Please write out every line of the material, leaving out any picture.

+++ Data section

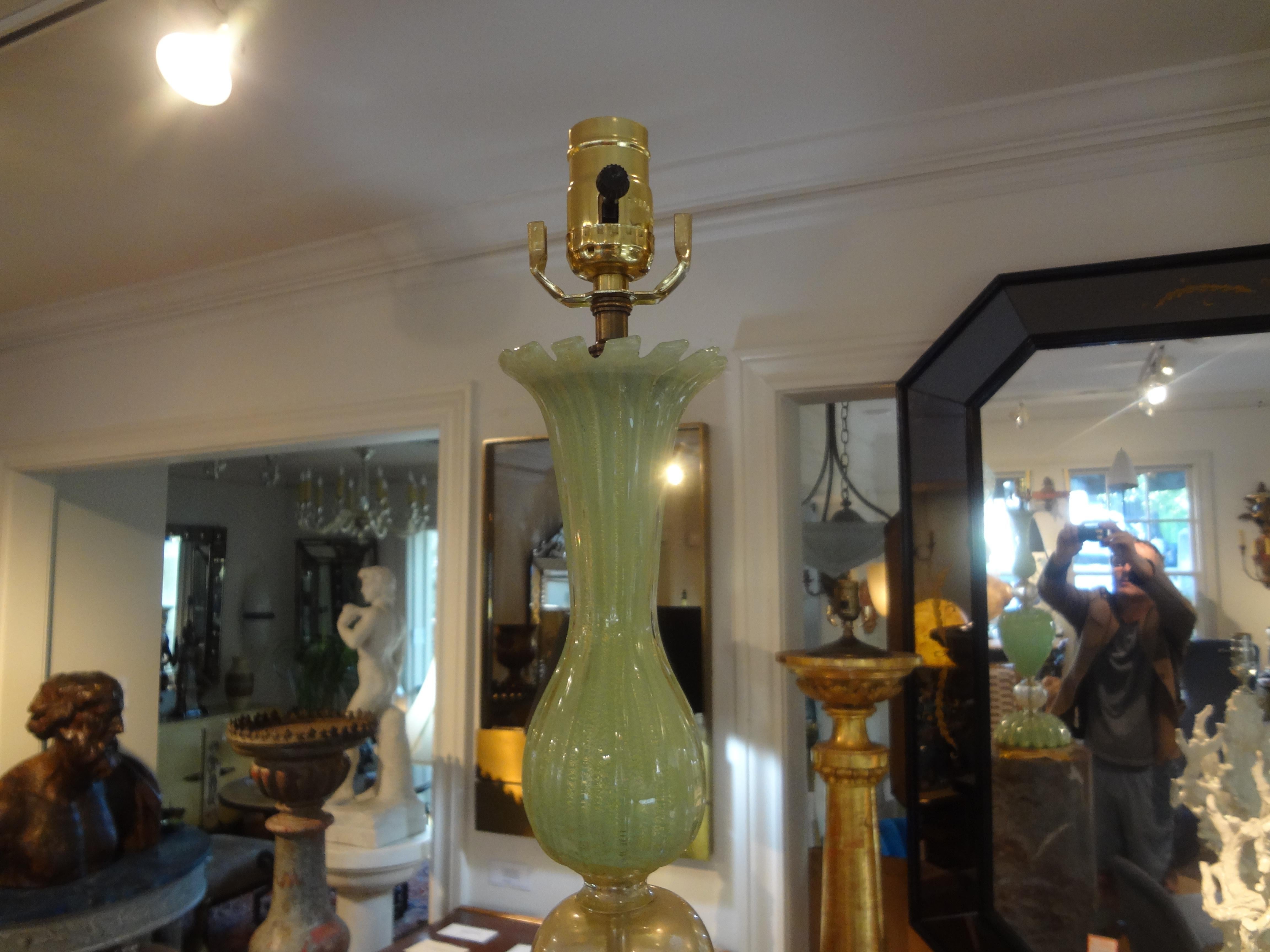 Blown Glass Large Murano Glass Lamp by Seguso For Sale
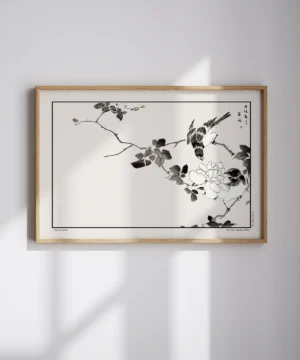 Numata Kashu-Blue Robin and Rose Poster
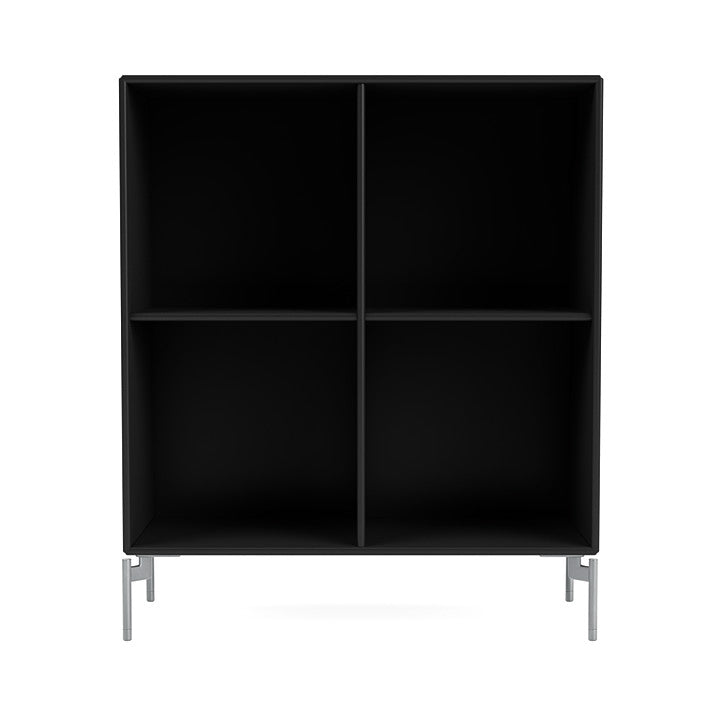 Montana Show Bookcase With Legs, Black/Matt Chrome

++++++

Response
 Blown Glass Large Murano Glass Lamp by Seguso For Sale
 Numata Kashu-Blue Robin and Rose Poster
 Montana Show Bookcase With Legs, Black/Matt Chrome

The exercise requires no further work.